● YOUR ASSIGNMENT: Copy the data exactly; pictures stay out of the copy.

● SUPPLIED INFORMATION:
_ _ _ _

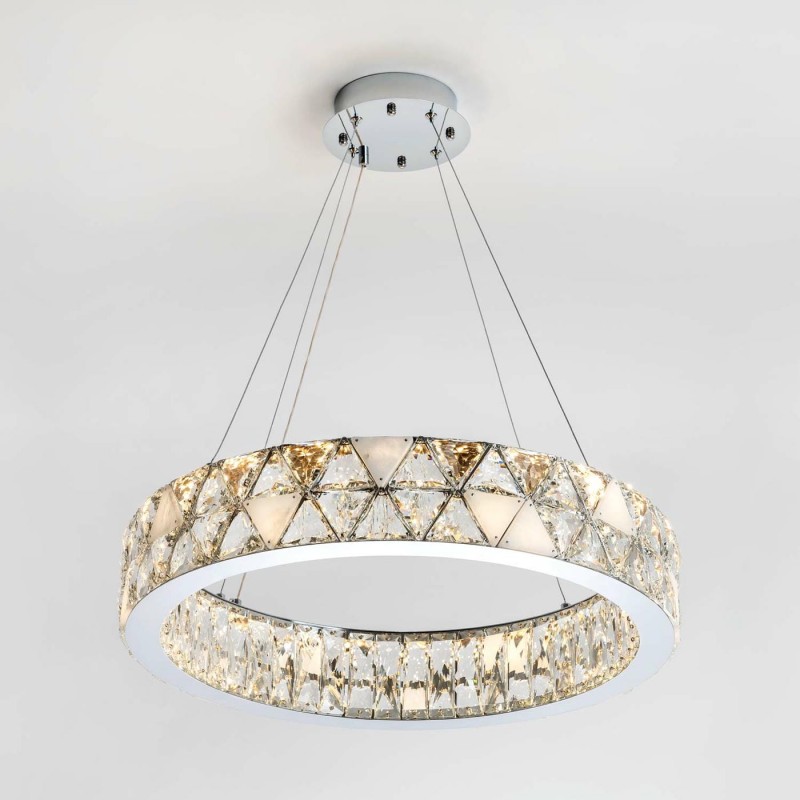 Подвесная люстра MODELUX premium ML.6982.600P CR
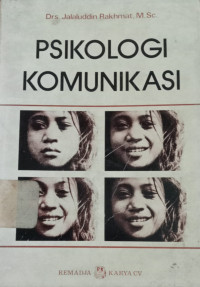 Psikologi Komunikasi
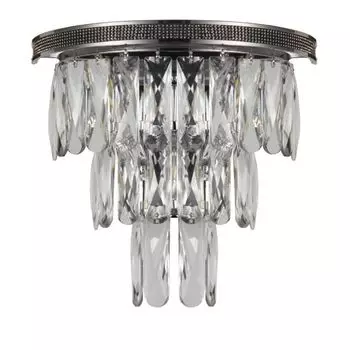 Настенный светильник Lumina Deco Chici LDW 6002-3 CHR+CL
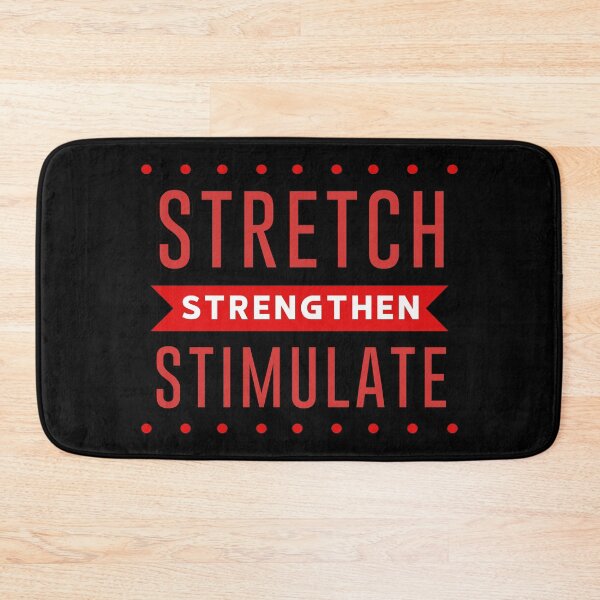 Item preview, Yoga stretch strengthen stimulate designed and sold by Astralia.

_ _ _ _

● TASK RESPONSE:
 Подвесная люстра MODELUX premium ML.6982.600P CR
 Psikologi Komunikasi
 Настенный светильник Lumina Deco Chici LDW 6002-3 CHR+CL
 Item preview, Yoga stretch strengthen stimulate designed and sold by Astralia.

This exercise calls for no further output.